§ Required work: Exact copy, pictures excluded: set down only the lines from the one with "FJC Finejewelers 10k" through the end of the entries, keeping both end lines.

─── Records provided ───

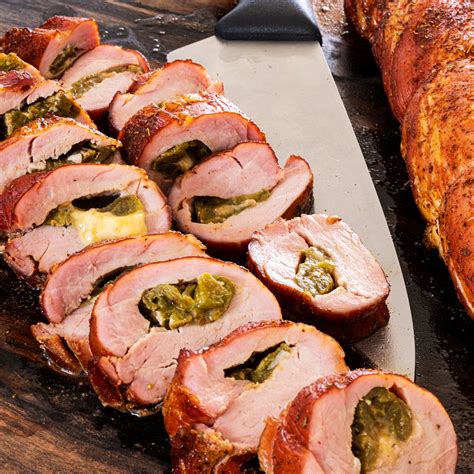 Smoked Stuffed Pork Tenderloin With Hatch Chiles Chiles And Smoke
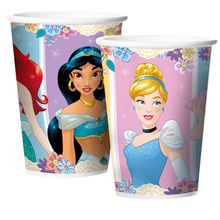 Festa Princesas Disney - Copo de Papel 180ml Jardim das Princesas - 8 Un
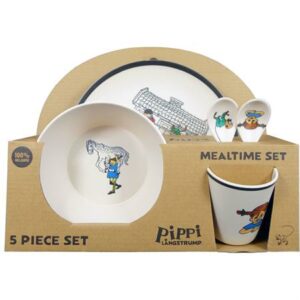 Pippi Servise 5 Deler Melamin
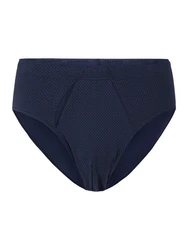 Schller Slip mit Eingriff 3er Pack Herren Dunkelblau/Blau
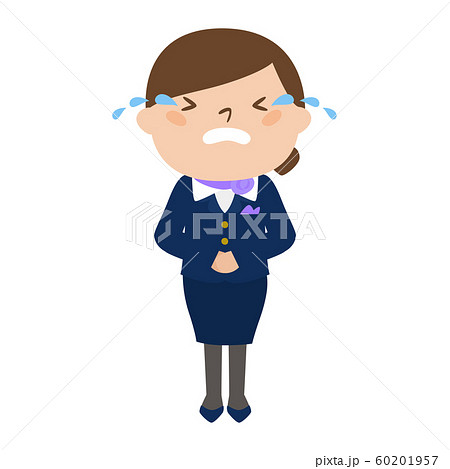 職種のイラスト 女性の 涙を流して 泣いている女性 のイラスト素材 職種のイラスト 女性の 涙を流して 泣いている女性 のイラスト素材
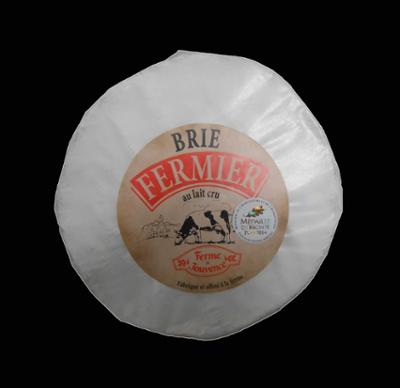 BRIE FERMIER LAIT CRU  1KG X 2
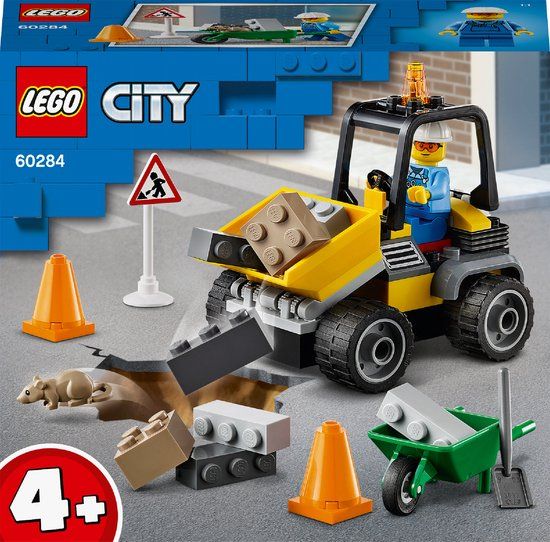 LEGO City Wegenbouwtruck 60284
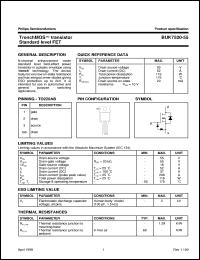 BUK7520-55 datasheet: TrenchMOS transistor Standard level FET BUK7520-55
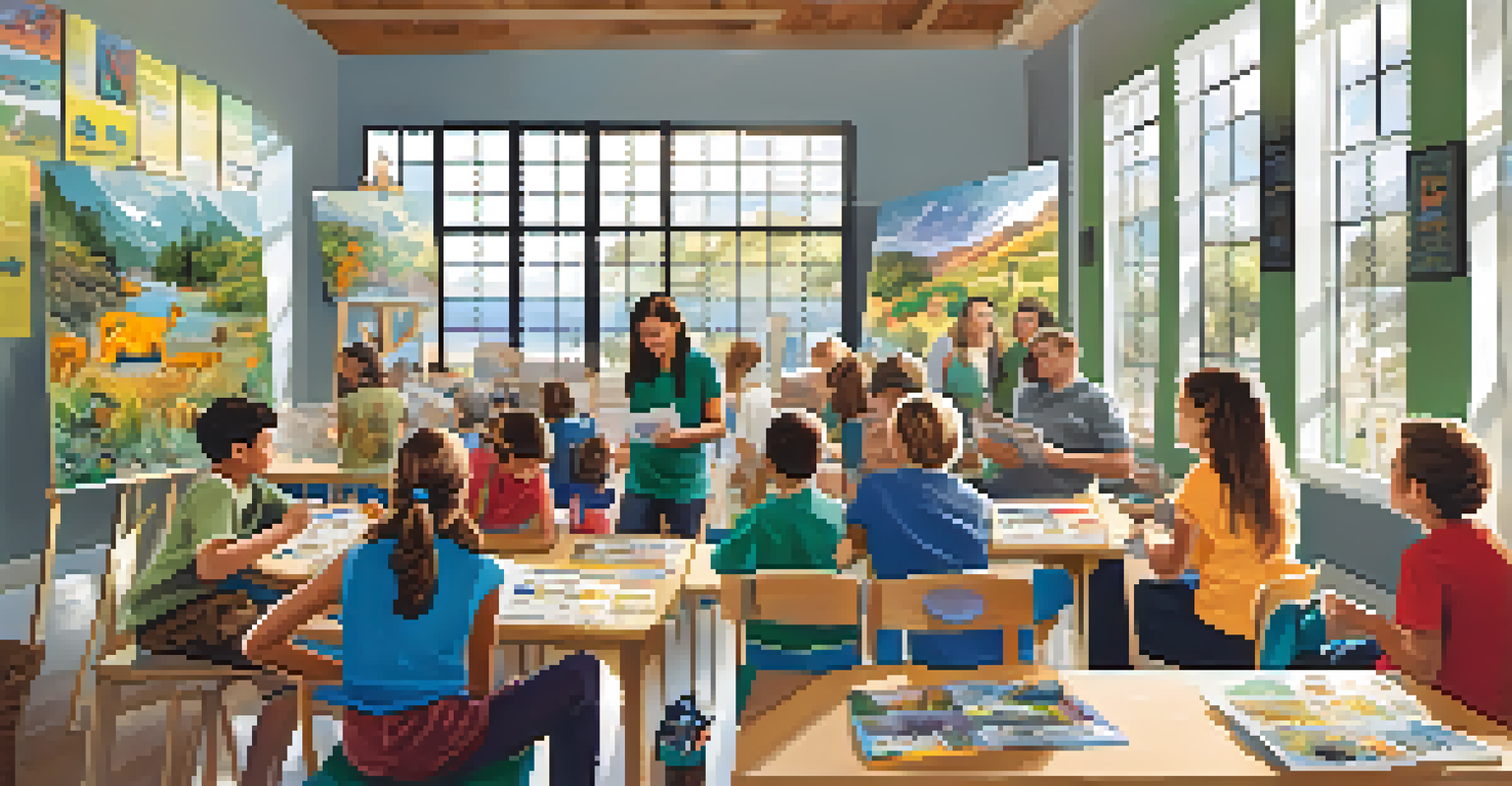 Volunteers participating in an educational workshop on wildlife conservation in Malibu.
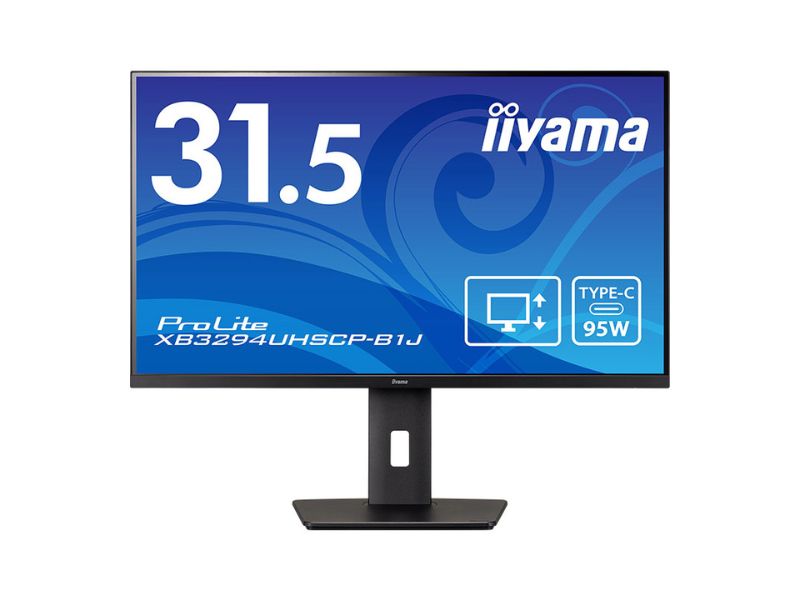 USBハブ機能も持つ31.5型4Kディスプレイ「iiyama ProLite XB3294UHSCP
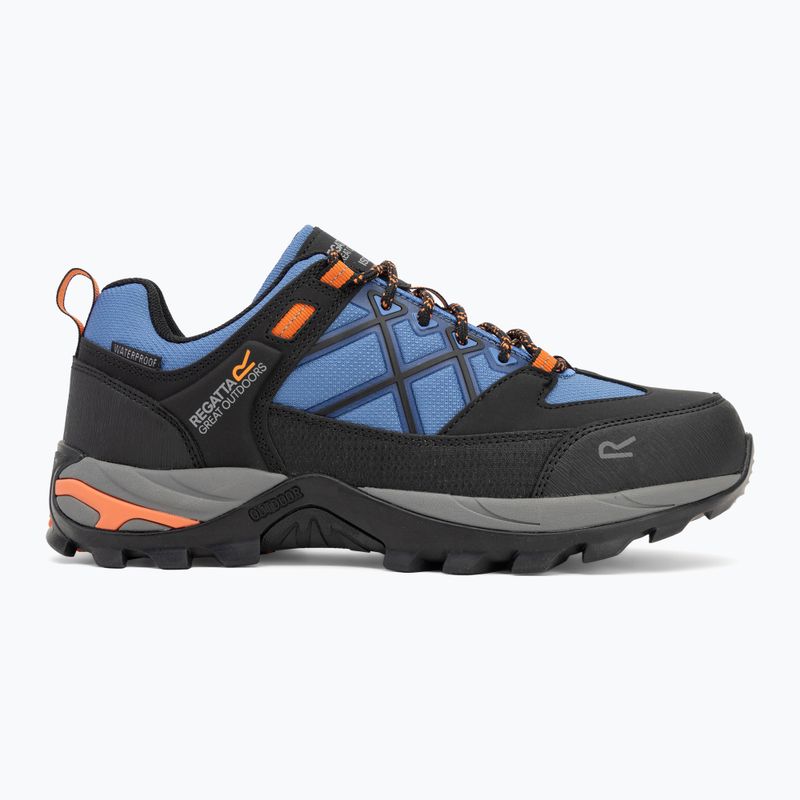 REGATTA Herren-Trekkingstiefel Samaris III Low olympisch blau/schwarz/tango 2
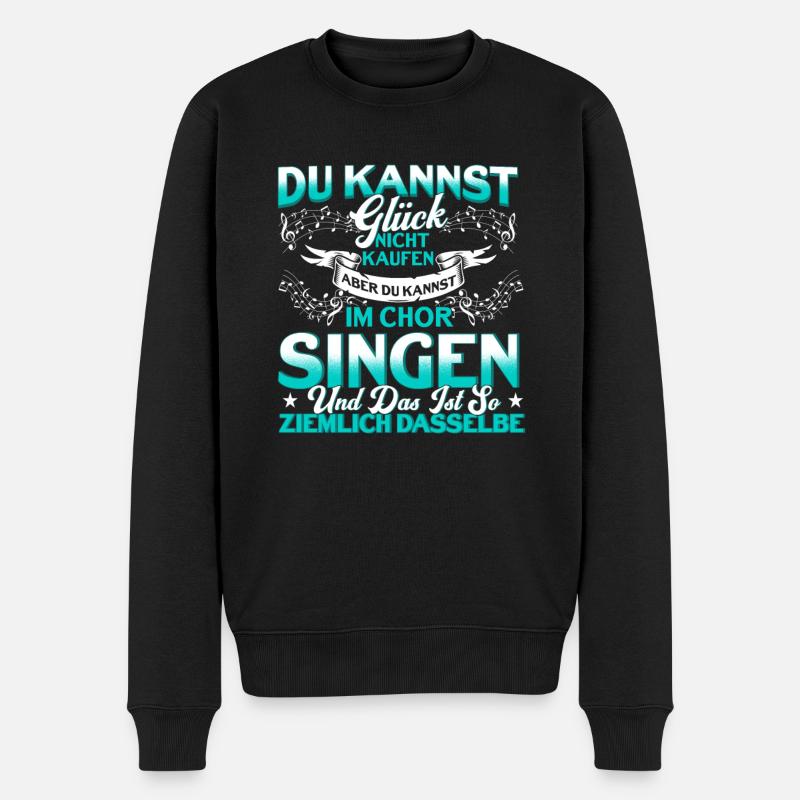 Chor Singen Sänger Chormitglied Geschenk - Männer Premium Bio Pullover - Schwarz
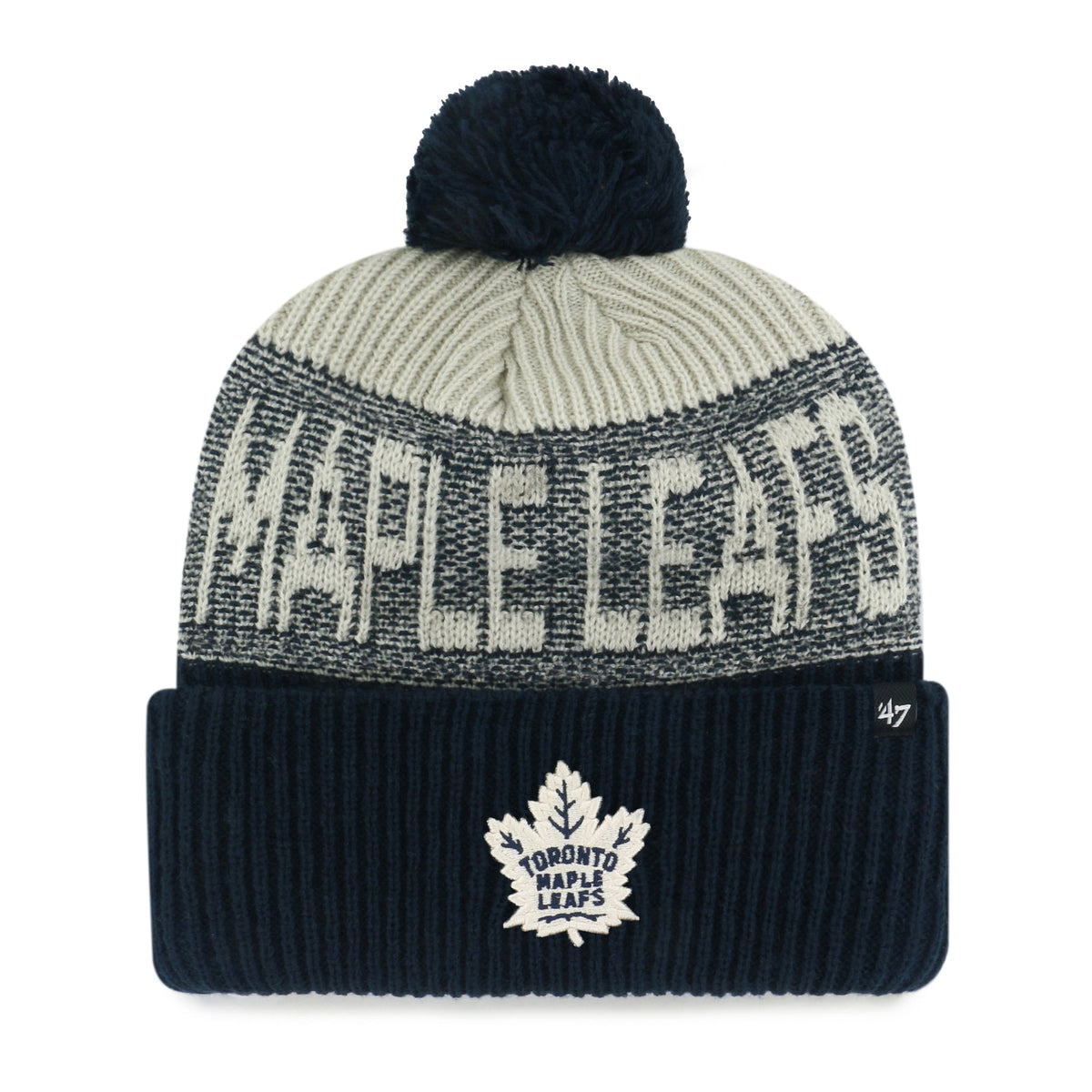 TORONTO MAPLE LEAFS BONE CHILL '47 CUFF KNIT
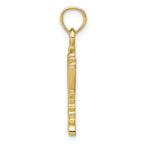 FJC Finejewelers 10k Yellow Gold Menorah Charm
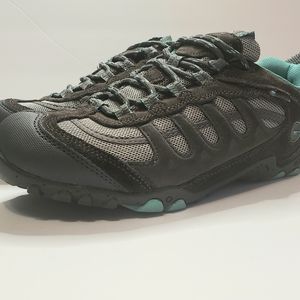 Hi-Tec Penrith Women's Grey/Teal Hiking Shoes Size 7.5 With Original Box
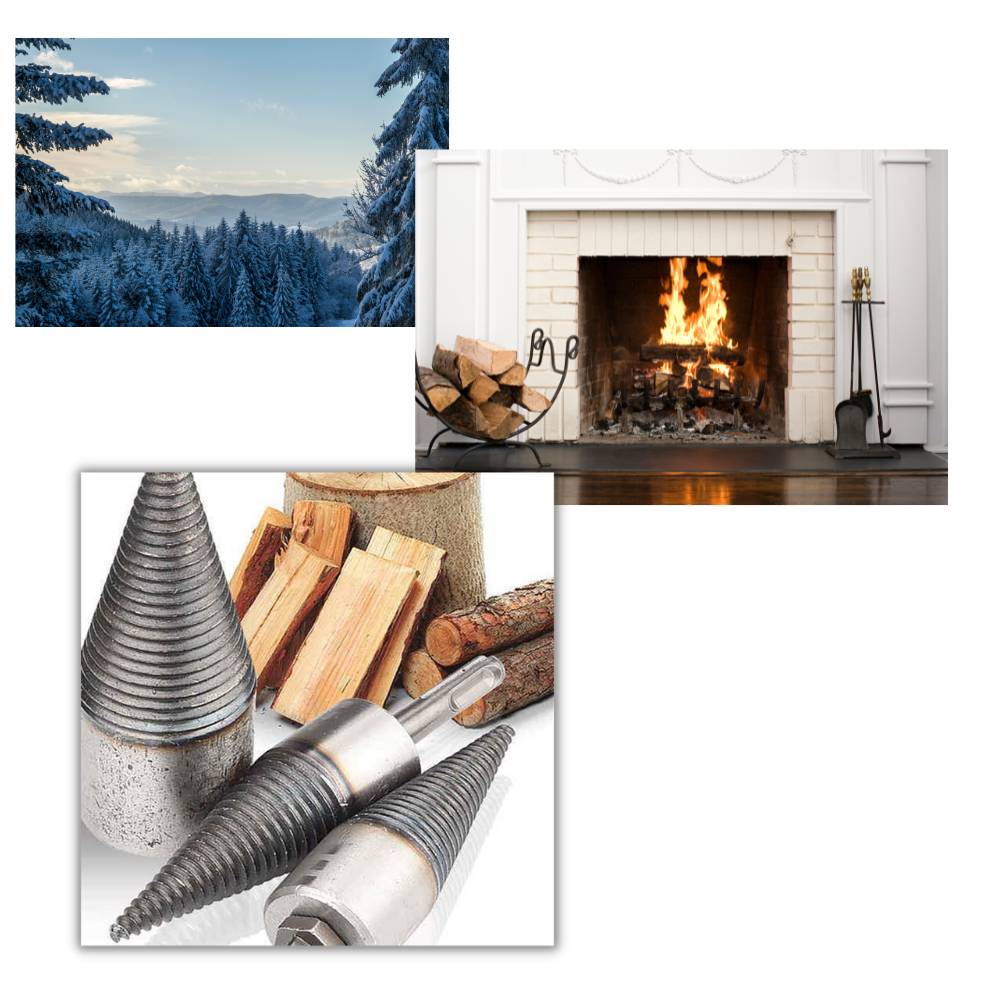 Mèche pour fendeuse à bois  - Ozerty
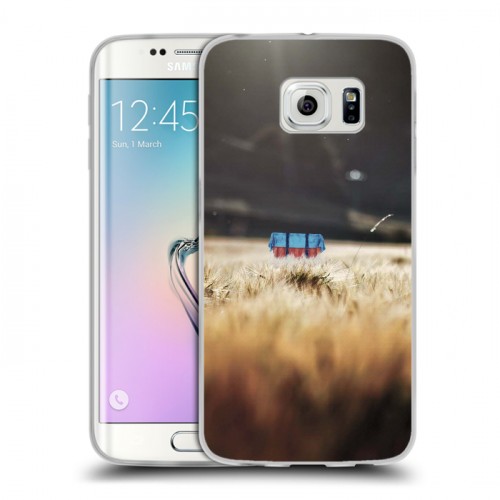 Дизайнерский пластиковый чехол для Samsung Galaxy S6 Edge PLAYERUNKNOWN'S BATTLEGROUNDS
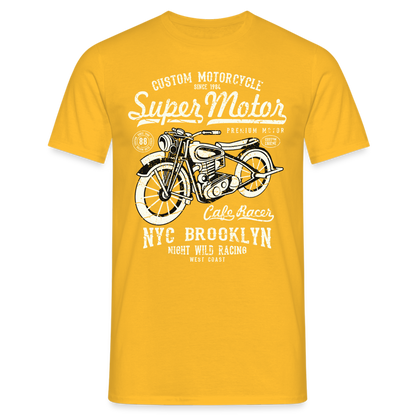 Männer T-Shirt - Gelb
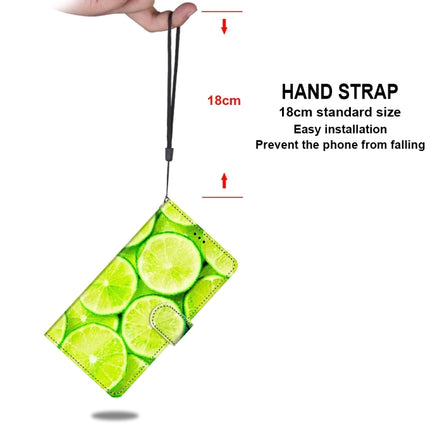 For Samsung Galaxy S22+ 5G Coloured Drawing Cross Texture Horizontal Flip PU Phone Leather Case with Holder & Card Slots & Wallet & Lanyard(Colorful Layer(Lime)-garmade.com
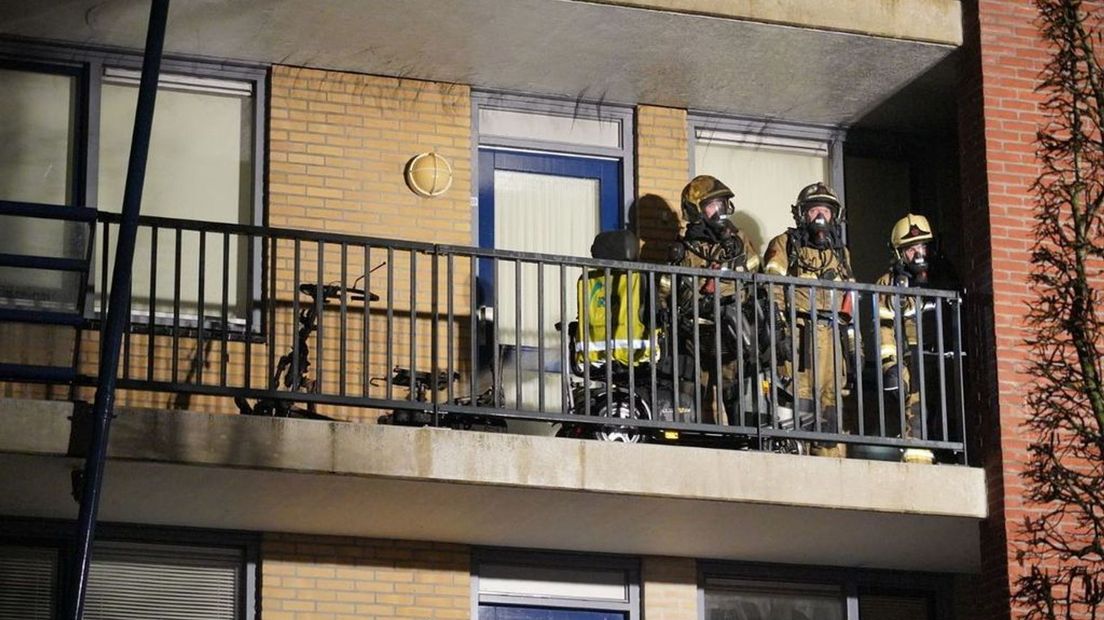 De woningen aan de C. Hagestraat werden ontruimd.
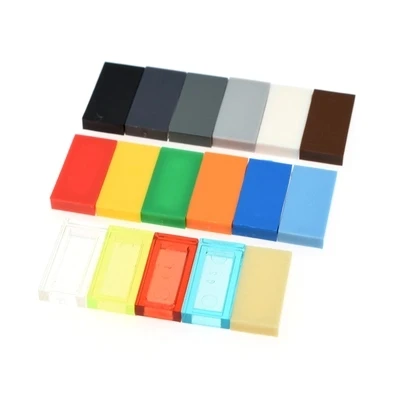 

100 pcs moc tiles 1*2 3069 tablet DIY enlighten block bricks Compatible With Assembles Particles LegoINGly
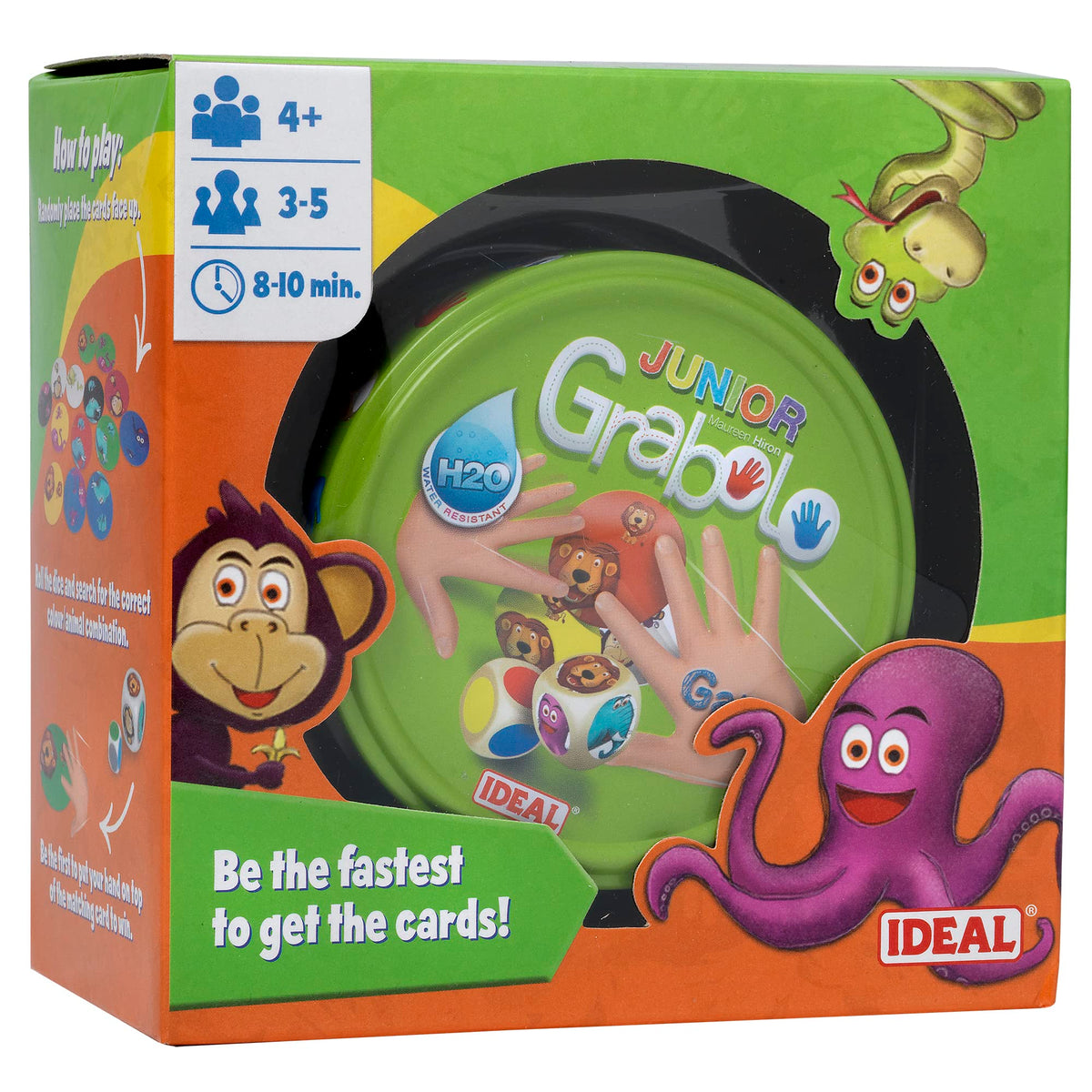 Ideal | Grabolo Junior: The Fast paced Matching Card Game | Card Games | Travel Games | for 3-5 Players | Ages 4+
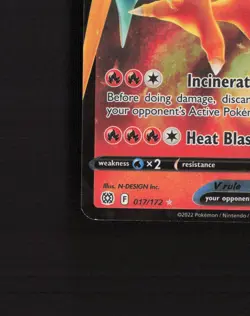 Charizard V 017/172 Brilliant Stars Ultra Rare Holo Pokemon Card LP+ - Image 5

───

§ Response:
 FJC Finejewelers 10k Yellow Gold Menorah Charm
 Hi-Tec Penrith Women's Grey/Teal Hiking Shoes Size 7.5 With Original Box
 Mèche pour fendeuse à bois  - Ozerty
 Дизайнерский пластиковый чехол для Samsung Galaxy S6 Edge PLAYERUNKNOWN'S BATTLEGROUNDS
 Männer T-Shirt - Gelb
 For Samsung Galaxy S22+ 5G Coloured Drawing Cross Texture Horizontal Flip PU Phone Leather Case with Holder & Card Slots & Wallet & Lanyard(Colorful Layer(Lime)-garmade.com
 De woningen aan de C. Hagestraat werden ontruimd.

100 pcs moc tiles 1*2 3069 tablet DIY enlighten block bricks Compatible With Assembles Particles LegoINGly
 Ideal | Grabolo Junior: The Fast paced Matching Card Game | Card Games | Travel Games | for 3-5 Players | Ages 4+
 Charizard V 017/172 Brilliant Stars Ultra Rare Holo Pokemon Card LP+ - Image 5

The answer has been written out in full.